- Dataset
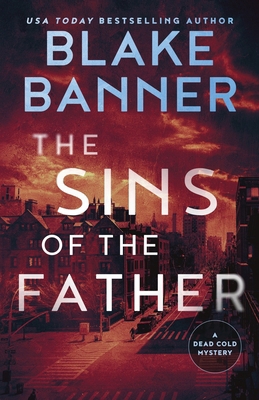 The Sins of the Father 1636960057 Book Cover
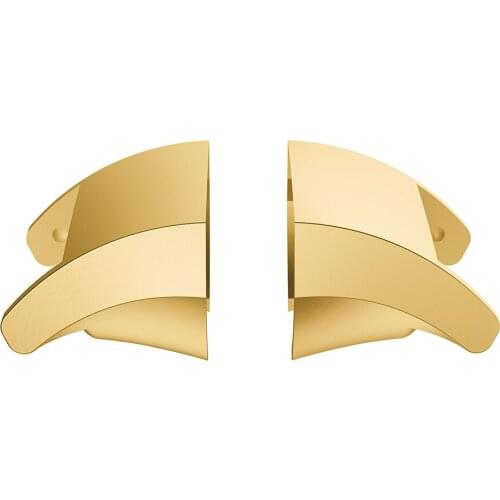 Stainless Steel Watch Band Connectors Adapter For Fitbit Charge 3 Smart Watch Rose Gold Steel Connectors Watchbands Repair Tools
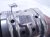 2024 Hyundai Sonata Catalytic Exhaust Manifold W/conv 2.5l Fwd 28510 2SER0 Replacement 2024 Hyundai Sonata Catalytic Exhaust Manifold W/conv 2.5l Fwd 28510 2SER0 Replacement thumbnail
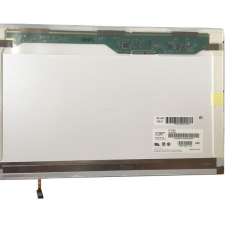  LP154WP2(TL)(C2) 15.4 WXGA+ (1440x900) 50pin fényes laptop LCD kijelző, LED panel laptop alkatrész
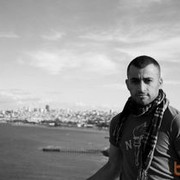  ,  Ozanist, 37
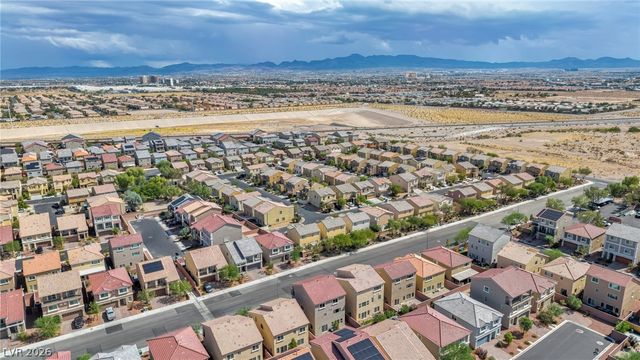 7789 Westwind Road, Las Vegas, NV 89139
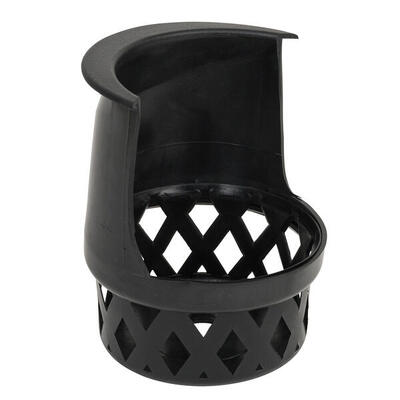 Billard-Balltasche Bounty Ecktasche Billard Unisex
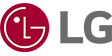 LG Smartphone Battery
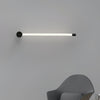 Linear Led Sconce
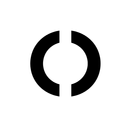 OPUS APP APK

---

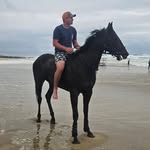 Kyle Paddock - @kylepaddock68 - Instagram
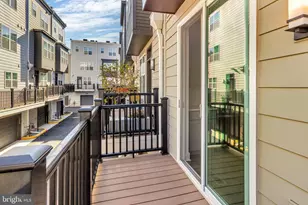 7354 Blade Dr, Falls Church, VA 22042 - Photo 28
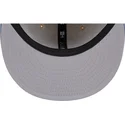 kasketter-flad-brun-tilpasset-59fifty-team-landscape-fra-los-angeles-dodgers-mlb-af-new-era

- Task directions
Nothing but the lines from the one containing "The Sins of the Father 1636960057 Book Cover" through the one containing "OPUS APP APK" should appear, copied exactly from the material above and without pictures.

- Result
 The Sins of the Father 1636960057 Book Cover
 Stainless Steel Watch Band Connectors Adapter For Fitbit Charge 3 Smart Watch Rose Gold Steel Connectors Watchbands Repair Tools
 2024 Hyundai Sonata Catalytic Exhaust Manifold W/conv 2.5l Fwd 28510 2SER0 Replacement 2024 Hyundai Sonata Catalytic Exhaust Manifold W/conv 2.5l Fwd 28510 2SER0 Replacement thumbnail
  LP154WP2(TL)(C2) 15.4 WXGA+ (1440x900) 50pin fényes laptop LCD kijelző, LED panel laptop alkatrész
  ,  Ozanist, 37
 7789 Westwind Road, Las Vegas, NV 89139
 Billard-Balltasche Bounty Ecktasche Billard Unisex
 LG Smartphone Battery
 Linear Led Sconce
 OPUS APP APK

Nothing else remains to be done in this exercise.